TestBash SF 2019 Live Blog: When a Hot-fix Isn't a Hot-fix

Our first break is done, just finished changing my baby’s diaper at a TestBash conference theatre (a life achievement that I was not previously aware of until I unlocked it) and I’m back just in time as Elizabeth Turner (my teammate!!!) is taking the stage.

This talk is about the experiences she had on the native team when it comes to hot fixes. “There is no problem in production, we have a new feature but it did not make the branch cut” That is not hot fix.

Every time you release, there is a risk to the user. No matter how “minor” the change. Let me repeat that for the folks in the back… EVERY RELEASE INTRODUCES RISK

So what is a hot-fix? What are some of the factors that leads a team to feel that it is safe to ship a hot-fix?
Definition: Small piece of code to correct a major s/w bug or fault, and released as quickly as possible
Okay, that is pretty ambiguous. What makes an issue major? When is it less risk to release super quick than not release at all?
And the “this is fine” dog makes his second appearance this year :slight_smile: This is in fact a pretty good analogy for anyone faced with making prioritization decisions around risk when being pressured to release a feature under a hot-fix label. It is better to have a list of reasons or entrance criteria

  • Is it actually a bug?
  • If you missed branch cut, was it tested thoroughly?
  • Did you avoid taking a proper disciplined approach?
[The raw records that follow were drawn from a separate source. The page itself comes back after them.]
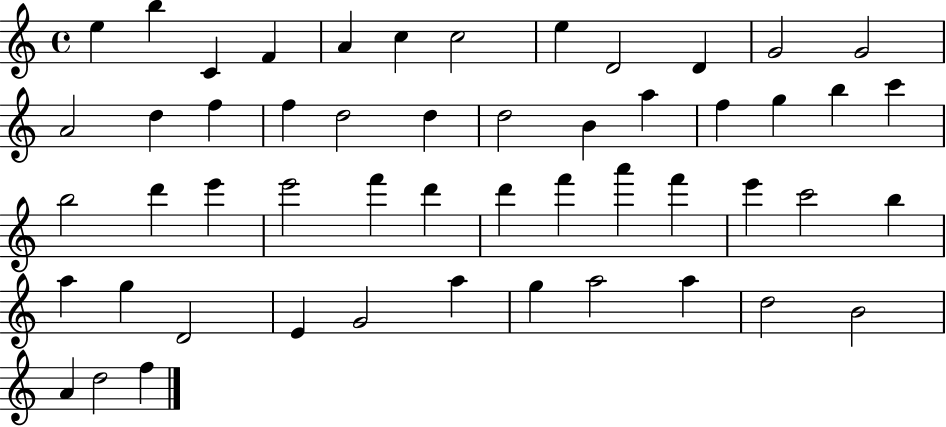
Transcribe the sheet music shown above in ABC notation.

X:1
T:Untitled
M:4/4
L:1/4
K:C
e b C F A c c2 e D2 D G2 G2 A2 d f f d2 d d2 B a f g b c' b2 d' e' e'2 f' d' d' f' a' f' e' c'2 b a g D2 E G2 a g a2 a d2 B2 A d2 f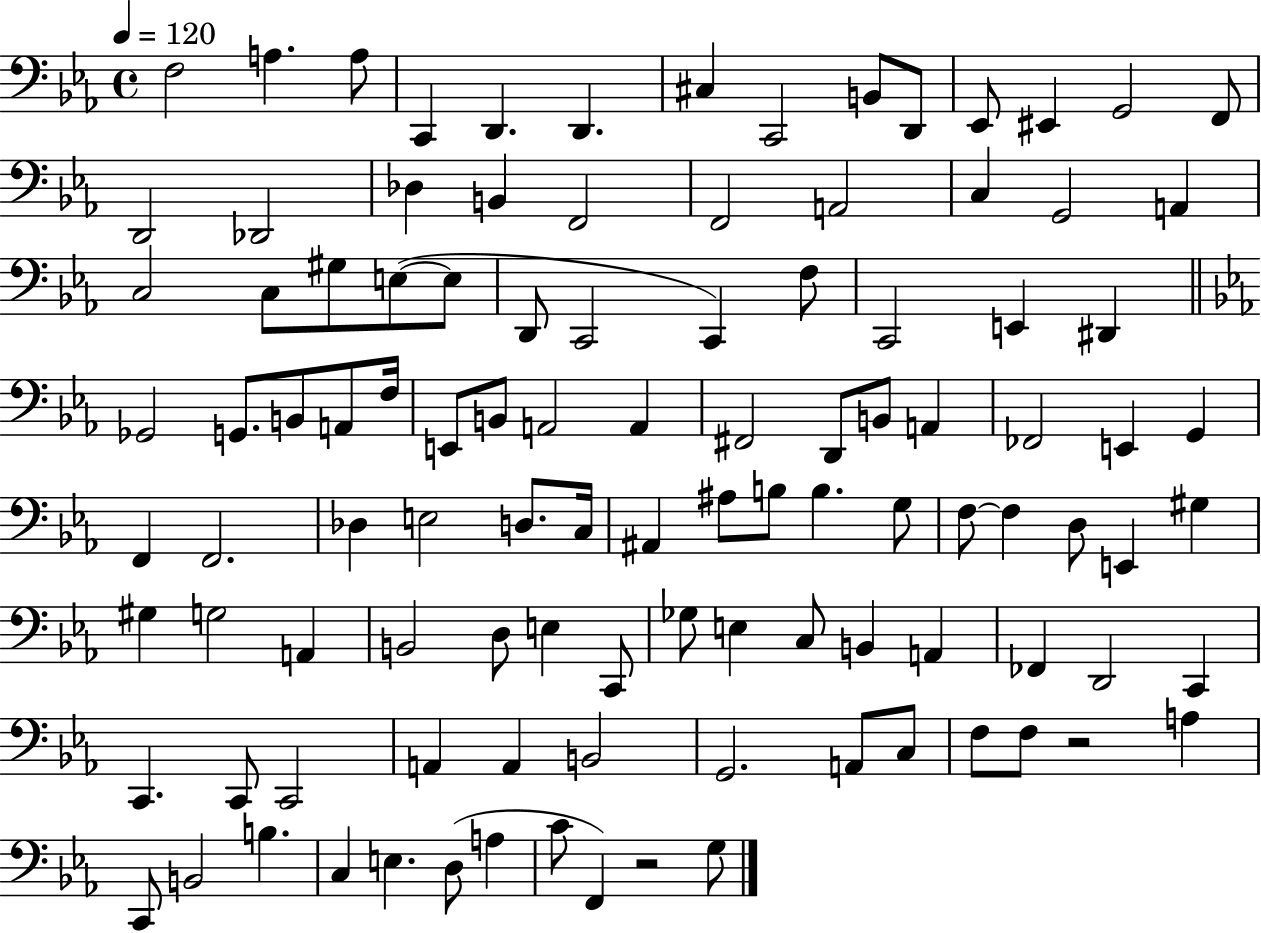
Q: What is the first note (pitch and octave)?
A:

QE… we often have a desire for perfectionism. Truth is that while everything “has a priority”… that is not the same as treating everything as a priority. We do have to consider this
We also have to deal with impatience of others. Everyone has deadlines and pressure. For a team facing a deadline, they ARE representing to you their highest priority. Even if this does not match our highest priority (avoiding bugs in prod)
Oh my, this old song: “It’s a really small change”. Everyone in QA has heard this and we all know how the smallest changes can have a massive impact. They can offer us a chance to focus our attention however
Pace… when things move super fast, that is when steps and precautions get skipped and mislabelled as strategy or mitigation. The reality is that we need to be able to properly explain the purpose of those tests in order to be able to properly represent the risks in the team discussion. Nobody questions the need to properly reproduce a bug before a fix is implemented… even if that time is expensive. How do we harness that energy and introduce it into properly deploying and testing before releasing when there is intense pressure on hot-fixes (not actually hot-fixes)? Deploy once is always better. Always.

What are we saying then?
For discipline, you need definition.
Checks and balances should be well understood and well respected as necessary components of releasing software

Minor Fix:

  • How many areas of the software does it touch? (not what was changed)
  • Who are the stakeholders?
  • Can the issue be mitigated safely?
    Major Issue?
  • What is the User/Revenue/Team impact?
  • How is the user impacted by the bug vs how will they be impacted by the fix?
  • Any security or legal issues? If your user’s personal info is at risk, can you afford to rush a fix?
    As quickly as possible - how fast is this?
  • What is the platform being released?
  • What is the typical release cycle?


Wrap up:

  • what qualifies as a hot-fix for your team?
  • if everything is a priority, nothing is. It is just a pipe
  • understand all areas, thresholds of risk, impact before signing off

If you understand these, you can understand how to qualify a hot-fix

Final on-stage selfie for her first talk ever… can’t believe it. So natural. Great talk and crucial topic.